There wasn't a shortcut to the learning process then and there still isn't. Reform movements like new math and whole language have left millions of damaged kids in their wake. We've wasted billions of taxpayer dollars and forced our teachers to spend countless hours in workshops learning to implement the latest fads. Every minute teachers have spent on misguided educational strategies (like building kids' self-esteem by acting as "facilitators" who oversee group projects) is time they could have been teaching academics.

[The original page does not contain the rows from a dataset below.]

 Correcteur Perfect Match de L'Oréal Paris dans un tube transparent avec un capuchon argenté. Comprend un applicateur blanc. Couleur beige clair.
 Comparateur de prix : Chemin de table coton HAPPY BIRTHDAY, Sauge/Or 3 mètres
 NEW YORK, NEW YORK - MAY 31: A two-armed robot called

Keliher experienced team teaching, supervised peer tutoring, block scheduling and decentralization. He saw no change in student performance.

HOW TO OVERCOME

At high-poverty schools with high test scores, teachers teach skills and knowledge in a structured, sequenced way, concludes "They Have Overcome: High-Poverty, High-Performing Schools in California," a new study by the Pacific Research Institute.

The eight schools studied all use a scripted, phonics-based reading program, Open Court. Most use Saxon, Excel and/or Harcourt-Brace math books. All pay close attention to the state's academic standards, and make sure lessons are linked to the standards. Teacher training is focused on subject matter. All use frequent testing to monitor students' progress.

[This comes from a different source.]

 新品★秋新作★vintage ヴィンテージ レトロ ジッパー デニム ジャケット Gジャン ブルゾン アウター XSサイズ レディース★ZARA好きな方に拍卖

Essentially, these schools forego fads. The teacher is in charge of teaching; students don't "construct" or "discover" knowledge for themselves. Creativity is confined mostly to science, social studies, art and music classes. While critics of structured, scripted lessons says it's just "drill and kill," principals say students now read enthusiastically -- because they can read.

DUH!

When schools in Illinois (my home state) teach the state standards, their students earn higher test scores, reports the Chicago Sun-Times. But only 43 percent of Illinois schools are moving toward teaching what the state has decided all students should learn.

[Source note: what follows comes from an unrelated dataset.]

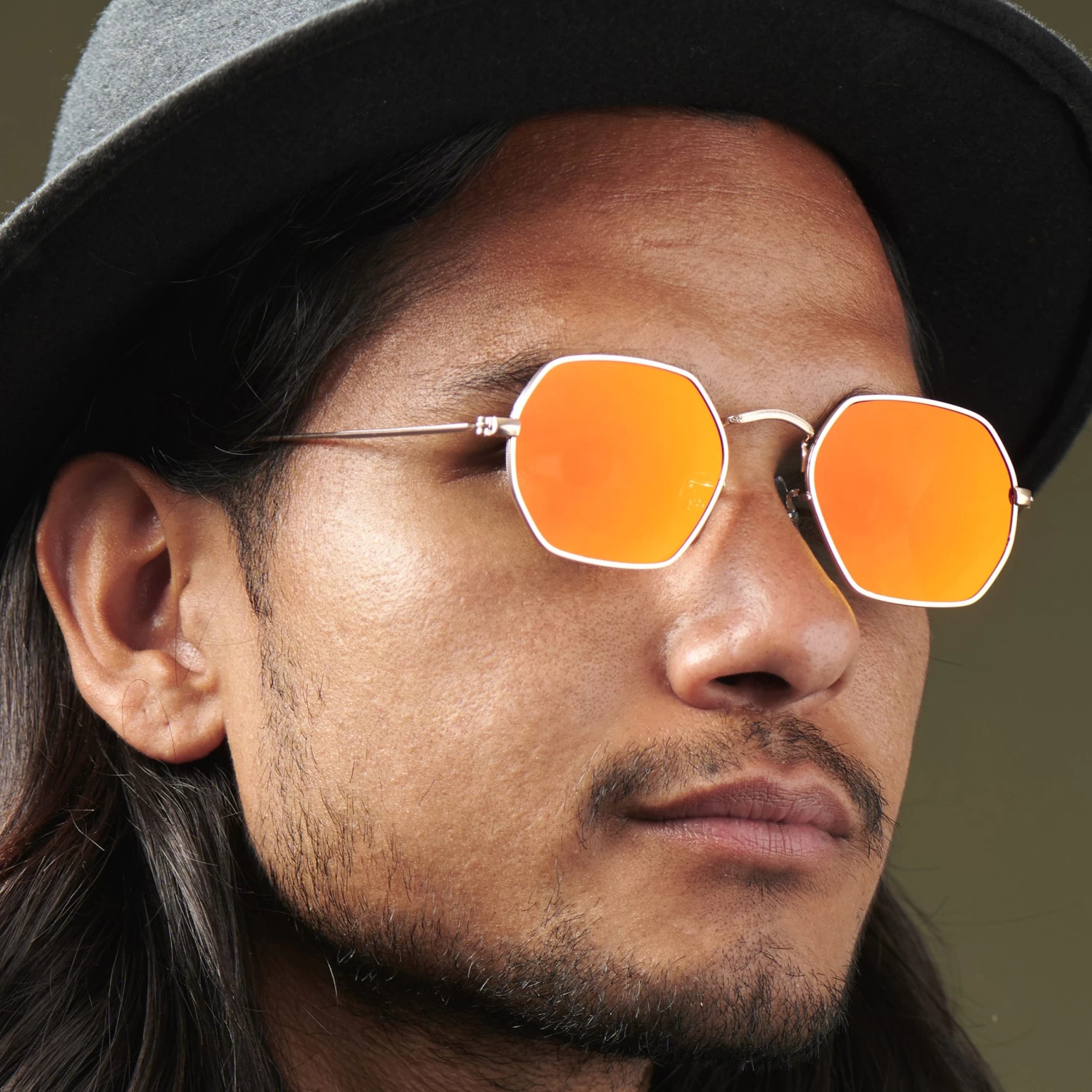 Gold-Tone & Orange Groovy Sunglasses - Image 6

JAPANESE SCHOOLS GO AMERICAN

The Japanese education system, once envied by Americans, is Americanizing, reports Education Week. Saturday school is gone. The national curriculum, which prescribes what should be studied at every grade level, has been cut back, giving local schools more autonomy. Students now spend three hours a week in "integrated" studies, working on projects. Teachers are urged to encourage creativity and to make school fun. In short, they're adopting progressive American ideas that Americans are rejecting.

Some U.S. experts are perplexed about why an academic powerhouse might look to American schools for clues to educational improvement. But Japanese leaders say the United States excels in several areas of education that Japan so far has neglected.

"As far as providing a standard minimum education,...we have a good compulsory education system," says Kakutaro Kitashiro, the president of the Tokyo-based Asia Pacific headquarters of the International Business Machines Corp. "But once we move students into creative [areas] and solving new problems or taking their own initiative, we are recognizing that this is a problem."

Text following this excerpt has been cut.